It is happening for many different reasons in different parts of the Arab world but with an important similarity: the demand for freedom.

They have shaken off the shackles of fear. They are coming out. How far it goes in each different place is uncertain at the moment.

But unless the militaries do come in and really crack down, these protests will continue.

In Iran you saw on Monday they did crack down but nonetheless they came out in the hundreds of thousands.

In Bahrain, we are seeing protests that have been at times quite violent. And while Bahrain's protests are similar to Egypt there are some important differences.

In Bahrain we have a Shiite majority that is demonstrating for more rights. For many years they have been living under a Sunni minority in power and what they want are more economic rights, more rights to be in a position of power.

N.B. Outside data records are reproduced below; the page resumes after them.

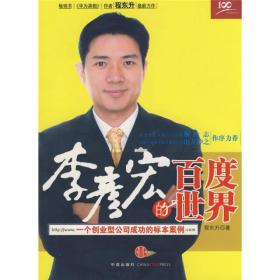 李彦宏百度世界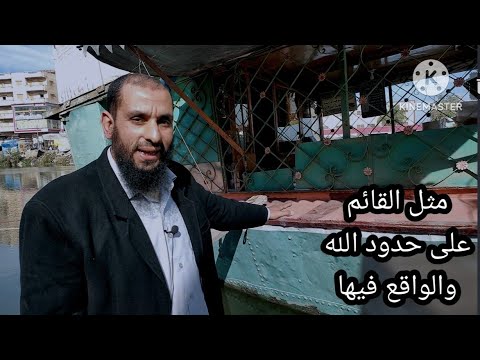 شرح قوله صلى الله عليه وسلم مثل القائم على حدود الله والواقع فيها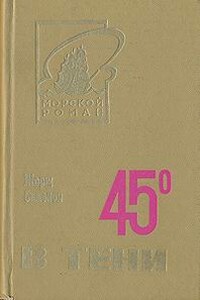 45° в тени - Жорж Сименон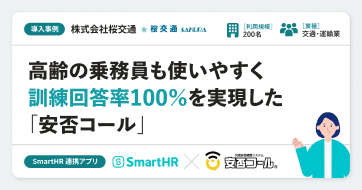 【導入事例】株式会社桜交通様の連携アプリ導入事例|安否コール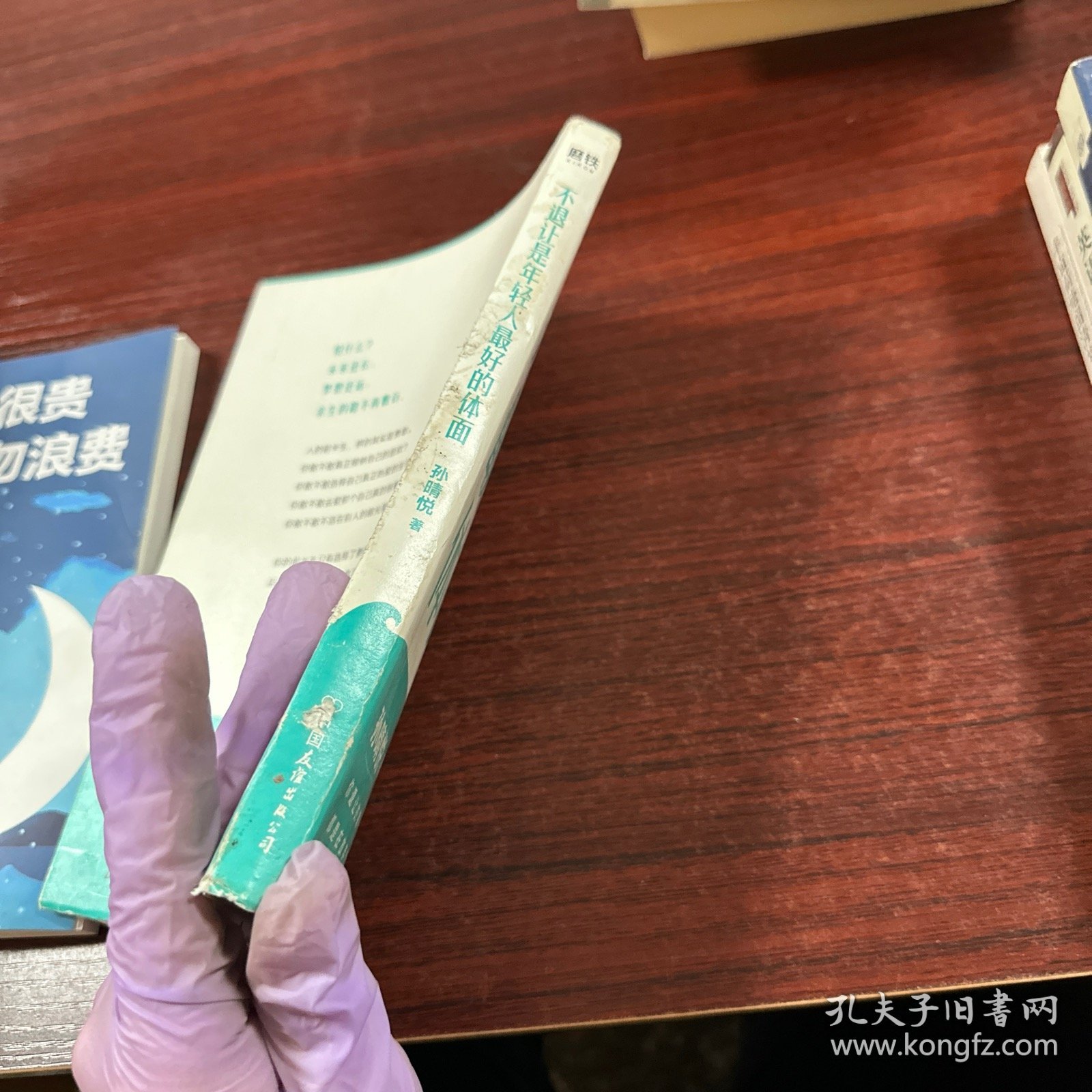 不退让是年轻人最好的体面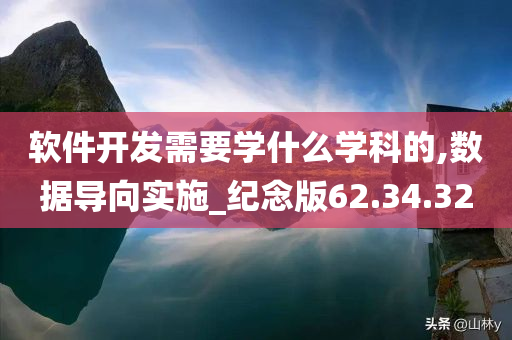 软件开发需要学什么学科的,数据导向实施_纪念版62.34.32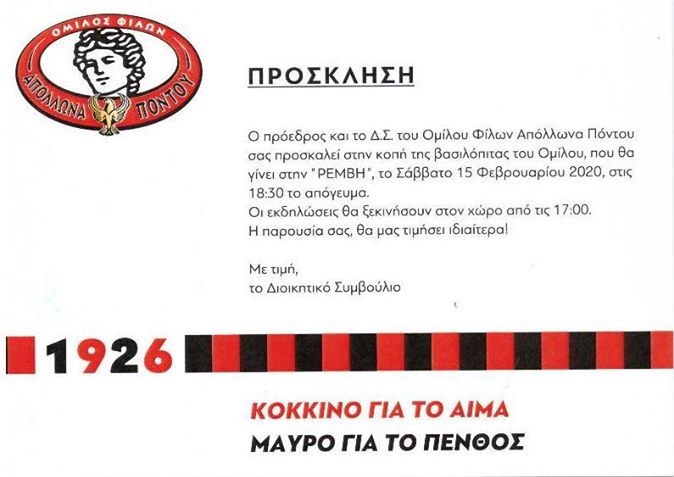 Ο Όμιλος Φίλων Απόλλωνα Πόντου κόβει βασιλόπιτα - Cover Image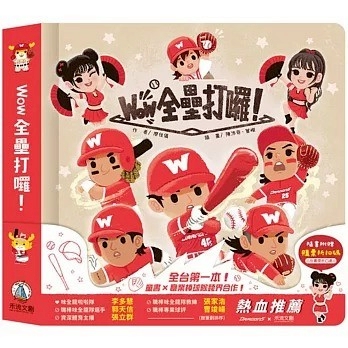 (結帳另有優惠)禾流~味全龍 Wow 全壘打囉 立體有聲書{樂步客 LoveBook}
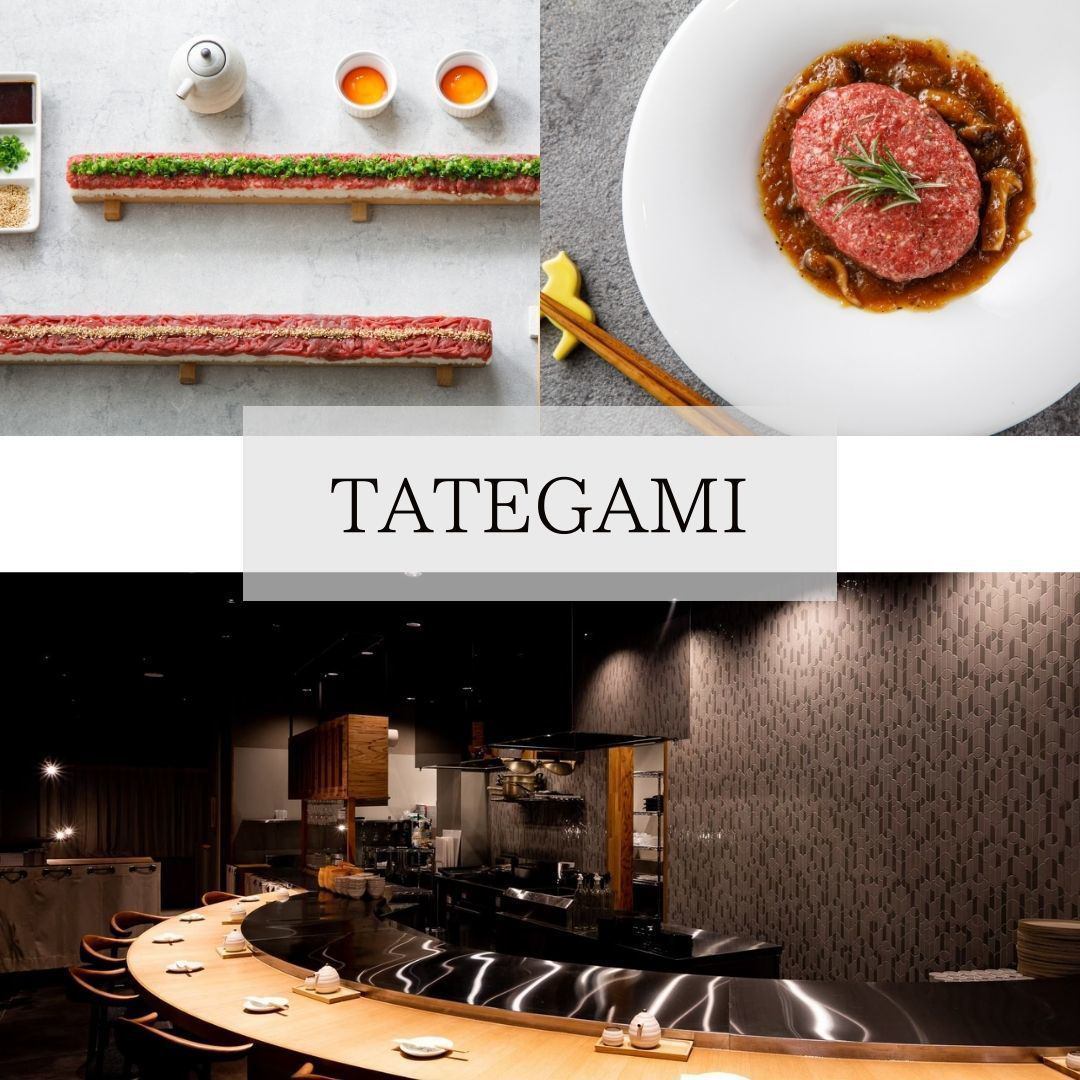 A 1-minute walk from Higashi-Okazaki "Horse meat specialty store Tategami" ♪ The ultimate horse meat dish!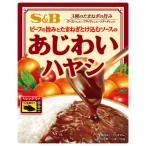 エスビー食品 あじわいハヤシ 1人前・150g　1個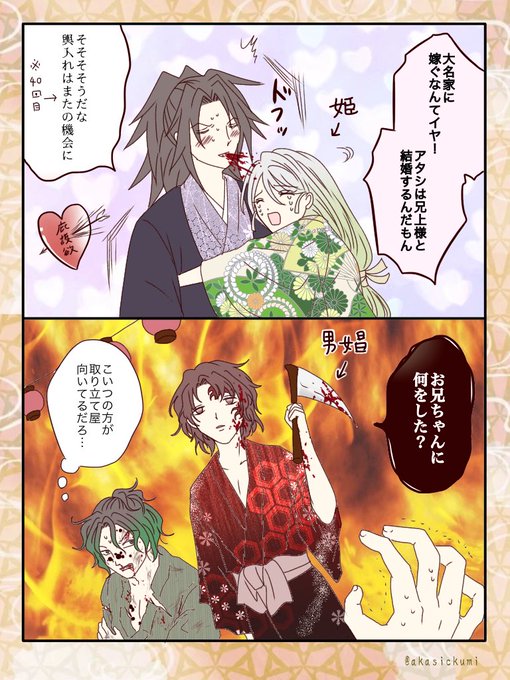継国兄弟のtwitter漫画作品 継国兄弟のtwitter漫画作品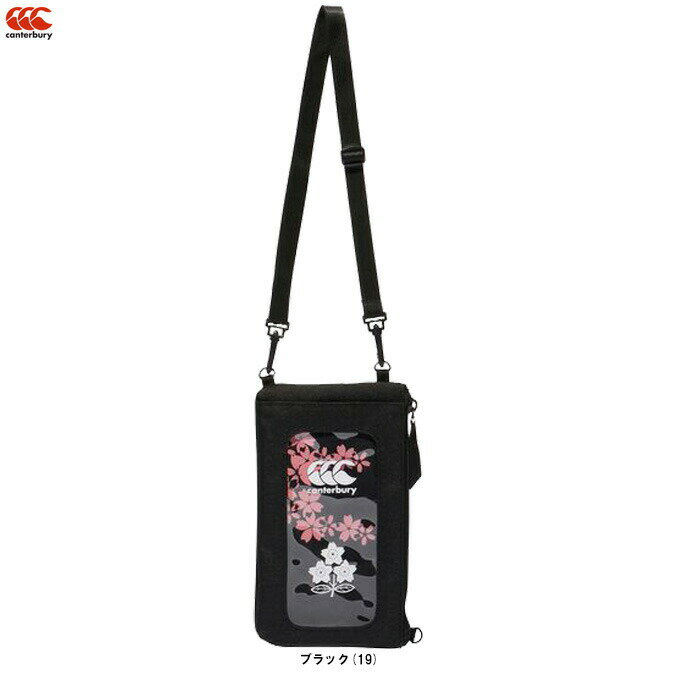 ◆メール便対応商品◆Canterbury（カンタベリー）ジャパンチケットホルダー JAPAN TICKET HOLDER（AA03784）（ラグビー/ラガー/ショルダーポーチ/バッグ/応援/観戦/日本代表/桜ロゴ）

The Bahraini royal family is Sunni, very close to the U.S. In fact, the U.S. 5th fleet is there. Bahrain is pro-Western and they had just recently been touting their progress in parliamentary and free assembly.

And the Sunni king even went on television and allowed people to protest peacefully; so this crackdown is quite bad.

Protests Spread to Libya, Yemen

And in Libya, where 14 dead are already dead in protests this week and protesters are calling for a day of rage in several cities - again we see Moammar Gadhafi has been there for the last 40 years.

And then, of course, in Yemen, we are seeing the seventh consecutive day of protests. And there they did get the attention of the president - another key U.S. ally in the fight against al Qaeda. He said he wouldn't run again for election and his son wouldn't run. But now protesters are upping their demands for regime change.

Will we see regime change as we saw last week in Egypt? It is too soon to say.

These countries are different - but by and large the protesters are there for the same reason: freedom, the ability to assemble, speak and choose their leaders.

The crucial differentiator will be, as ever, the willingness of the authorities to crackdown and crush the dissent.